AI in Marketing: Pallavi Misra on What Every Brand Needs to Know

Artificial intelligence (AI) has moved from buzzword to boardroom, now playing an integral role in how brands connect and communicate. According to Pallavi Misra, Marketing & Communications Director at Mozaic Communications, AI is not replacing creativity—it’s enhancing it. With deep experience across the Asia Pacific and a passion for integrated campaigns, Pallavi Misra sees AI as a game-changer in delivering personalized, high-impact brand experiences at scale.

Whether generating tailored content, enabling real-time campaign adjustments, or unlocking audience insights, AI is helping marketers stay ahead. But Pallavi Misra emphasizes that while machines can crunch the numbers, it’s still human intuition that builds trust and lasting brand value.

Key Takeaways

  • Leaders must be AI-literate. Marketing heads need to guide teams in using AI tools while keeping brand values intact.
  • AI boosts speed and personalization. Marketers can now create tailored content and campaigns faster than ever before.
  • Human creativity still matters. AI is powerful, but authentic branding and emotional connection come from people.

AI in Marketing: What’s Changing and Why It Matters

Q: What are the key ways AI is reshaping the fundamental principles of brand building?

A: There are three interconnected ways in which AI is transforming brand building today – that is hyper-personalised experiences, the ability to create content quickly and highly personalised to the target audience, and real-time audience insights and analytics.

Marketeers are able to leverage generative AI tools – anything from ChatGPT to Jasper.ai to Ideogram to Kling.ai – to produce limitless content variations, headline options, visual concepts or campaign variations which can be localized and personalised within minutes.

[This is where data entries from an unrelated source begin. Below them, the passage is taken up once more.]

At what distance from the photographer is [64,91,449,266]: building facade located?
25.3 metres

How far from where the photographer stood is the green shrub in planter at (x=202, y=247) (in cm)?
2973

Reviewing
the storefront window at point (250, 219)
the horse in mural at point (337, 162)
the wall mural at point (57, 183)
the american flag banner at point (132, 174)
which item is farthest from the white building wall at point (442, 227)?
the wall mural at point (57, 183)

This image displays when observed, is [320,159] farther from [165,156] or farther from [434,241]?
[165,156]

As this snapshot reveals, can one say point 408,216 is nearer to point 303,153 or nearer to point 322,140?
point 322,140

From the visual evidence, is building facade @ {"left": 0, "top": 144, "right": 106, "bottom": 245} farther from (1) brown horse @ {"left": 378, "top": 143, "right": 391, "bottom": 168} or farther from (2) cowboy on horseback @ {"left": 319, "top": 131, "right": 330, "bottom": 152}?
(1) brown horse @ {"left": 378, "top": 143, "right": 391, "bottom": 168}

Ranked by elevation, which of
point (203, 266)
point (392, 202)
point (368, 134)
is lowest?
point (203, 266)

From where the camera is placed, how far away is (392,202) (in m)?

Once these campaigns are deployed, AI is also able to learn from performance data and continually tailor experiences, going far beyond traditional segmentation techniques, for brand audiences.

It’s exponentially boosting the speed of creation, enabling teams to rapidly create, test and learn from successful campaigns. The result is a continuous stream of fresh, tailored content that can keep loyal audiences engaged throughout their journey.

According to the Dentsu Creative 2024 CMO Report (see dentsu.com), CMOs are increasingly viewing AI as a collaborator and co-creative rather than a threat to human creativity. This shift represents a fundamental evolution in how brand teams will operate in the future.

Q: As AI expands access to expertise and lowers entry barriers, how is it reshaping competition in B2B marketing?

A: Marketing is a field where there is constant change. Perhaps a decade ago, brands may have spent a substantial portion of their budget on broadcast media campaigns, whereas today, they might channel their budget towards working with the right influencers on TikTok.

AI tools are driving the next shift in marketing by lowering traditional barriers to entry and democratising capabilities. As a result, sophisticated tools that once required big budgets or specialist teams are now accessible to startups and SMEs, allowing them to “punch above their weight” in reaching and engaging customers. This cuts across the entire marketing spectrum from content creation, image and video generation to enterprise grade analytics platforms for automated lead generation and analytics.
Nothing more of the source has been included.